B. LE DÉVELOPPEMENT ÉCONOMIQUE DES TERRITOIRES

1. La révision des aides européennes à finalité régionale

Une nouvelle carte des zones d'aides à finalité régionale (AFR) a été définie pour la période 2014-2020 par le décret n° 2014-758 du 2 juillet 2014. En effet, la Direction générale de la Concurrence ayant publié tardivement ses lignes directrices, le 23 juillet 2013, les États membres ont eu la possibilité de prolonger leur ancienne carte AFR 2007-2013 et leurs régimes d'aides AFR jusqu'au 30 juin 2014 .

Le fonctionnement des aides à finalité régionale

L'article 107 du Traité sur le Fonctionnement de l'Union Européenne (TFUE) impose aux États de limiter les aides publiques à l'investissement productif et à la création d'emplois des entreprises à des périmètres d'intervention approuvées par la Commission européenne.

Ainsi, la France a l'obligation de définir tous les 7 ans une nouvelle carte des zones AFR qui comprend deux catégories :

- les « zones a » dont le niveau de vie est anormalement bas (PIB/habitant inférieur à 75% de la moyenne des 28 États-membres) ou dans lesquelles sévit un grave sous-emploi : pour le France, il s'agit des cinq départements d'outre-mer et de Saint-Martin ;

- les « zones c » constituées de régions défavorisées par rapport à la moyenne nationale : elles sont moins défavorisées que les précédentes et sont sélectionnées sur des bases plus restrictives.

Les aides octroyées par les pouvoirs publics aux entreprises en zones AFR peuvent couvrir les coûts des investissements dans des terrains, des équipements, des bâtiments ou des actifs incorporels (brevets par exemple), ainsi que les coûts salariaux des emplois créés, sur une période de 2 ans.

La nouvelle réglementation européenne permet à la France de rendre éligible 21.24% de sa population aux AFR en « zone c » jusqu'en 2020, contre 15.5 % pour la période 2007-2013.

LA NOUVELLE CARTE DES ZONES RELATIVES AUX AIDES À FINALITÉ RÉGIONALE

Source : CGET

La Commission a réduit de cinq points les plafonds d'intensité des aides , qui varient de 30 à 10 % de l'investissement selon la taille de l'entreprise. Elle a également fortement restreint les possibilités d'aides aux grandes entreprises (de plus de 250 salariés) en « zone c » , excluant le soutien à une extension de capacité productive ou un changement même majeur du processus de production. Seules les créations d'activité et la diversification de la production vers de nouveaux produits pourront prétendre à un soutien public.
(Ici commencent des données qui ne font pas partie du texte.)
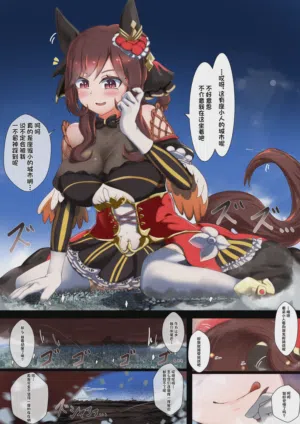 第56頁圖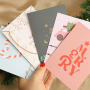 Tips voor het gebruik van kaartjes voor sieraden 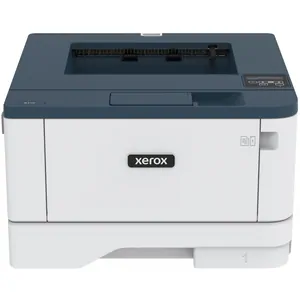 Замена системной платы на принтере Xerox B310 в Воронеже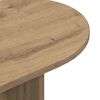 Produkt-Miniaturbild 8 von 10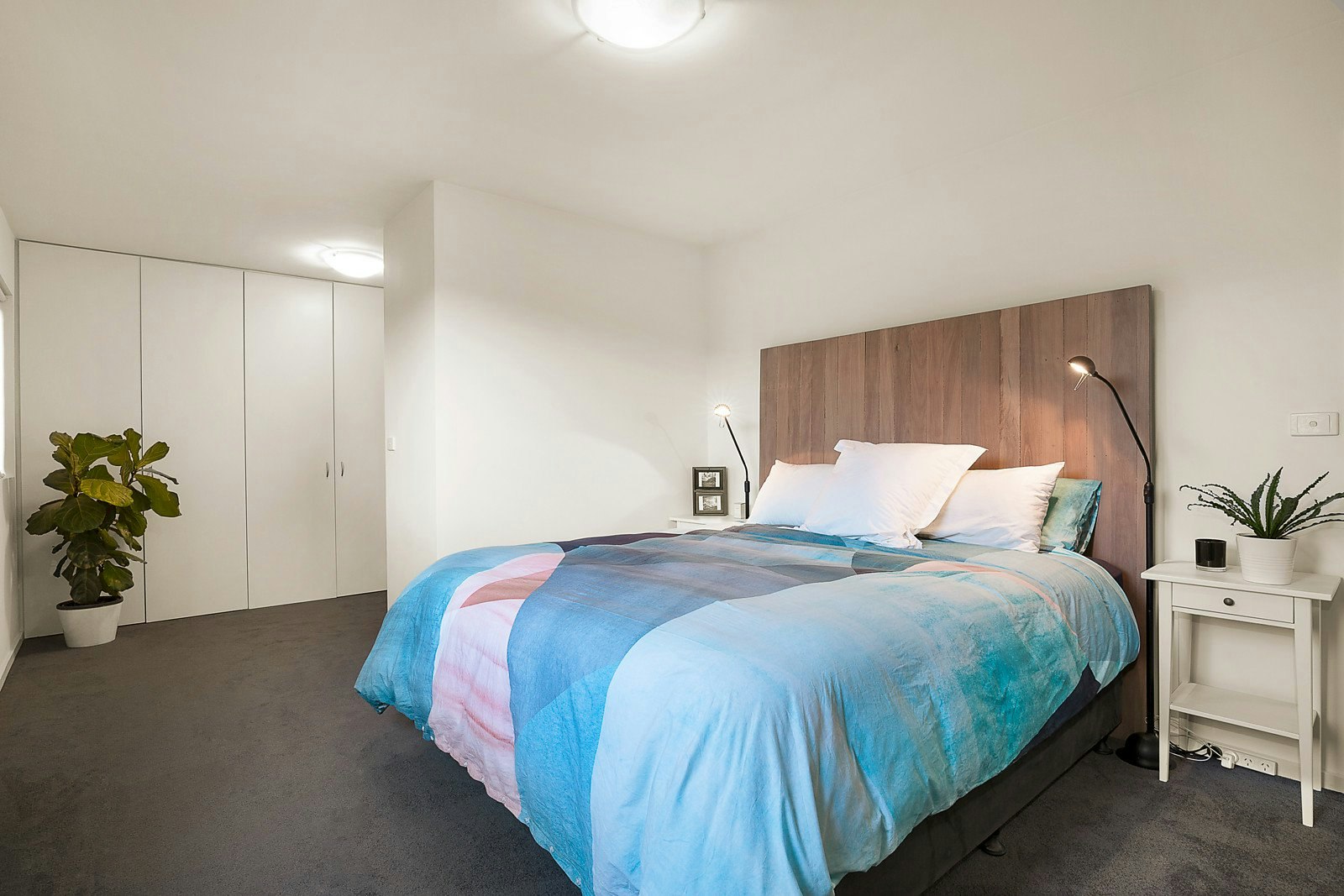 41/1 Sandilands Street, South Melbourne, VIC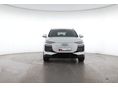 AUDI Q6 2025 - 5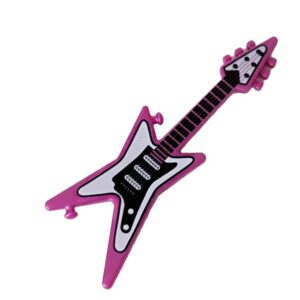 Muziekinstrument Gitaar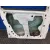 Puerta Delantera Izquierda para Seat Altea Xl (5P5)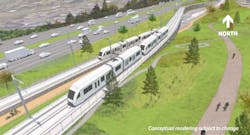 1654797587619 Max Red Line Transit Project 1654797587619 Max Red Line Transit Project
Enfin, les conditions d'octroi sont désormais plus complexes puisque des critères qualitatifs comme le « caractère approprié » de l'aide ont été introduits. L'administration concernée devra ainsi justifier, pour chaque projet, les raisons du choix d'un instrument (subvention, prêt, garantie, etc.) par rapport à un autre. La démonstration du « caractère incitatif » de l'aide pour les grandes entreprises est également alourdie : celles-ci sont tenues de présenter le scénario des investissements qu'elles auraient réalisés en l'absence d'aide.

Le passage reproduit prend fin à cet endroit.